NEW YORK (GenomeWeb) – Members of the benchmarking team of the Global Alliance for Genomics and Health have developed methods for producing standardized performance metrics for benchmarking small germline variant calls.
The GA4GH Benchmarking team brings together participants from research institutes, technology companies, government agencies, and clinical laboratories. It includes researchers from the National Institute of Standards and Technology (NIST), Illumina, Ontario Institute for Cancer Research, DNAnexus, and others.
As explained in a Nature Biotechnology paper published yesterday, the methods that they have developed address challenges associated with standardizing metrics like recall and precision, comparing different representations of variant calls, and stratifying performance by variant type and genome context. The team has made the code used for the benchmarking available in Github.
The benchmarking framework was piloted as part of the second PrecisionFDA challenge. The so-called Truth challenge, which was conducted in 2016, offered participants an opportunity to test their variant calling pipelines on a previously uncharacterized sample, called HG002, and then publish the results on PrecisionFDA for comparison to NIST's Genome in a Bottle Consortium truth dataset. It was one of two challenges intended to help the US Food and Drug Administration better understand which questions are important for assessing the reproducibility and accuracy of NGS tests, and to obtain better benchmarking datasets for NGS test development and validation.
According to the paper, the team used various approaches to standardize the variant benchmarking process including reconciling existing methods developed to compare call sets to assess the accuracy of variant and genotype calls. Furthermore, they used common binary classification forms to represent primary performance metrics and standardized the calculation of performance metrics for easy comparison across methods. Lastly, they developed a framework for stratifying performance metrics by variant type and genome context.
The paper includes a description of available reference materials from more established sources like GIAB and Illumina's Platinum Genomes, as well as a new synthetic-diploid reference dataset created from long read assemblies of two haploid cell lines. It also provides guidance on interpreting variant benchmarking results and on the limitations of high-confidence calls and regions that can be used as "truth" sets.
To compare a set of query variants against existing truth sets using the framework, researchers need to input a truth callset in the VCF format and a set of confident regions in the BED format. Other required inputs include the query callset in the VCF format and a reference genome sequence in the FASTA file format. Optional inputs include information on stratification regions to separate variant calling performance based on genomic region or to restrict comparisons to a subset of the genome such as regions captured by targeted sequencing.

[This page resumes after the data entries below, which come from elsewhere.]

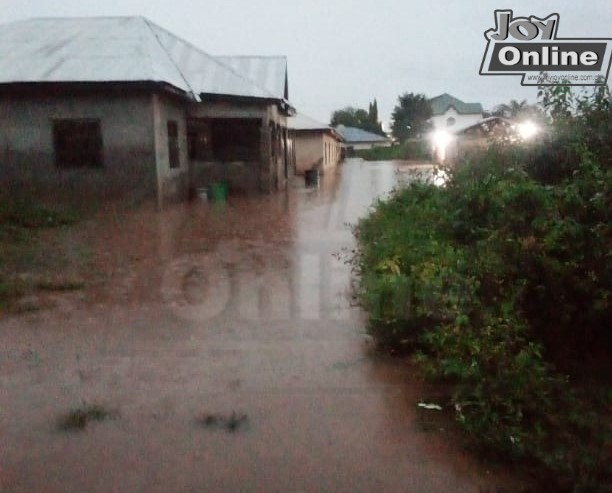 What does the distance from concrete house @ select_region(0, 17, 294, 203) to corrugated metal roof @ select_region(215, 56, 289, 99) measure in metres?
3.68

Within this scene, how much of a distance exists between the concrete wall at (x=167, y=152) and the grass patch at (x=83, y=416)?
34.6 ft

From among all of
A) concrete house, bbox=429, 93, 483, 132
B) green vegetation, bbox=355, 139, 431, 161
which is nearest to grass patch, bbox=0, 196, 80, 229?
green vegetation, bbox=355, 139, 431, 161

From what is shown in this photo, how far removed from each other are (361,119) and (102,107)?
273ft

In terms of future work, the researchers note in Nature Biotechnology that there is still a need for reference materials and benchmarking tools for structural variants that account for factors such as stringencies for breakpoint matching and size predictions, the benchmarking team wrote. Similar tools will need to be developed that address the unique features of somatic variants including assessing the accuracy of variant allele frequency, the researchers wrote. Other areas for development include modifying benchmarking strategies to address changes in the linear representation of the human genome.
The team also notes that the precisionFDA challenge results "should be considered only as an initial evaluation, with the rich data set resulting from the challenge inviting further exploration."